Board Members Present: | |
Janet Beaver, Chair | Aurenity |
Rich Gobler, Vice Chair, Stamping Chair | Burns & Wilcox |
John Washington, Secretary-Treasurer | Arch Insurance Group |
Terri Moran, Past Chair | Paul Hanson Partners |
Tim Chaix, Member, Education and Compliance Chair | R.E. Chaix and Associates |
Jim Faley, Member | Vela Insurance Services |
Robert Gilbert, Member | Markel West Insurance Services |
Sarah Nichols, Member | Crum & Forster Insurance Brokers, Inc. |
Pam Quilici, Member, Next Generation Chair | R-T Specialty |
Charlie Rosson, Member | USI Insurance Services |
Kathy Schroeder, Member | XPT Partners LLC |
Terrence Villar, Member | Amwins |
Board Members Absent: | |
Hank Haldeman, Member, Legislative Chair | Amwins |
Others Present: | |
Jerry Sullivan, Board Member Emeritus | G.J. Sullivan, Co., Reinsurance |
Jon Larson, Special Advisory Chair | Westchester Chubb |
Yusuf Mayet, Technology Chair | Amwins |
Benjamin McKay, CEO and Executive Director | Surplus Line Association of CA |
Joy Erven, COO, CCO and Director | Surplus Line Association of CA |
David Kodama, Jr., Chief Industry and Regulatory Officer | Surplus Line Association of CA |
Jody Black, Vice President, Data Analysis | Surplus Line Association of CA |
Cliston Brown, Vice President, Public Affairs | Surplus Line Association of CA |
Vani Ganti, Vice President, Technology | Surplus Line Association of CA |
James Greene, Vice President, Digital Communications* | Surplus Line Association of CA |
Glenn Leung, Vice President, Financial Analysis | Surplus Line Association of CA |
Barbara Trumbly, Vice President, Human Resources | Surplus Line Association of CA |
Ivan Morse, Controller | Surplus Line Association of CA |
Diana Olveira, Marketing Director | Surplus Line Association of CA |
Ed Derentz, Digital Communications Specialist | Surplus Line Association of CA |
Tam Duong, Digital Communications Specialist | Surplus Line Association of CA |
Zeke Samoy, Digital Communications Specialist | Surplus Line Association of CA |
Dan Brown, Counsel | Eversheds Sutherland |
An asterisk (*) indicates participation via telephone.

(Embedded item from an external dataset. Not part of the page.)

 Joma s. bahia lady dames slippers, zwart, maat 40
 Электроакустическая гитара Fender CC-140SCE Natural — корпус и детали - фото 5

All votes or decisions taken by the committee during the meeting are highlighted in yellow for easy reference.
Opening Business
A quorum being present, Janet Beaver called the meeting to order at 10:35 a.m., and Dan Brown advised participants of their obligations and responsibilities under the SLA Antitrust Resolution.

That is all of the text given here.